▶
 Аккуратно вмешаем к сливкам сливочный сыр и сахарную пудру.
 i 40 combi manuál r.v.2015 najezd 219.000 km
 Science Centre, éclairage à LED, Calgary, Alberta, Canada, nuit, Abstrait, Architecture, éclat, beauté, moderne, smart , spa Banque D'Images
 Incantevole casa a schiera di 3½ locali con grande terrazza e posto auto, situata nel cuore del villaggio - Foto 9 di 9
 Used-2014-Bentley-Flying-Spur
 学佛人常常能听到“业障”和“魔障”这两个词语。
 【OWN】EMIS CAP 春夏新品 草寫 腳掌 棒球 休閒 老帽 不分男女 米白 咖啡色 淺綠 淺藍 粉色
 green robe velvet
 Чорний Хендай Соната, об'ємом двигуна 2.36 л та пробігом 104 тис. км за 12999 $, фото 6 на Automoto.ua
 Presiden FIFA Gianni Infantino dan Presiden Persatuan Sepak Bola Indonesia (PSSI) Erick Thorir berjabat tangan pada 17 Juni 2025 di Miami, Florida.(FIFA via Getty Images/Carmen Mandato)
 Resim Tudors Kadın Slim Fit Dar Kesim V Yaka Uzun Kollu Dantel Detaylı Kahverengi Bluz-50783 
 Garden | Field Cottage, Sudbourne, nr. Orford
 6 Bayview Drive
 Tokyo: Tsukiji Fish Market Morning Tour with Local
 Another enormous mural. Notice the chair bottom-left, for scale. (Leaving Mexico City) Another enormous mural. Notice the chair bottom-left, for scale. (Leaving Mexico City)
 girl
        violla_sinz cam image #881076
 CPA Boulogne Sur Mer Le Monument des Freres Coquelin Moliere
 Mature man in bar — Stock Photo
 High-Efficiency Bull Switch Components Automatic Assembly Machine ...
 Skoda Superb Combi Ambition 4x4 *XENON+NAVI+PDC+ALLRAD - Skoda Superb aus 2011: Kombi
◀
• _Task objective_: Beginning with the line that contains "Tokyo: Tsukiji Fish", quote each line exactly through the last line of the entries above, and nothing beyond them.

• _Answer area_:
 Tokyo: Tsukiji Fish Market Morning Tour with Local
 Another enormous mural. Notice the chair bottom-left, for scale. (Leaving Mexico City) Another enormous mural. Notice the chair bottom-left, for scale. (Leaving Mexico City)
 girl
        violla_sinz cam image #881076
 CPA Boulogne Sur Mer Le Monument des Freres Coquelin Moliere
 Mature man in bar — Stock Photo
 High-Efficiency Bull Switch Components Automatic Assembly Machine ...
 Skoda Superb Combi Ambition 4x4 *XENON+NAVI+PDC+ALLRAD - Skoda Superb aus 2011: Kombi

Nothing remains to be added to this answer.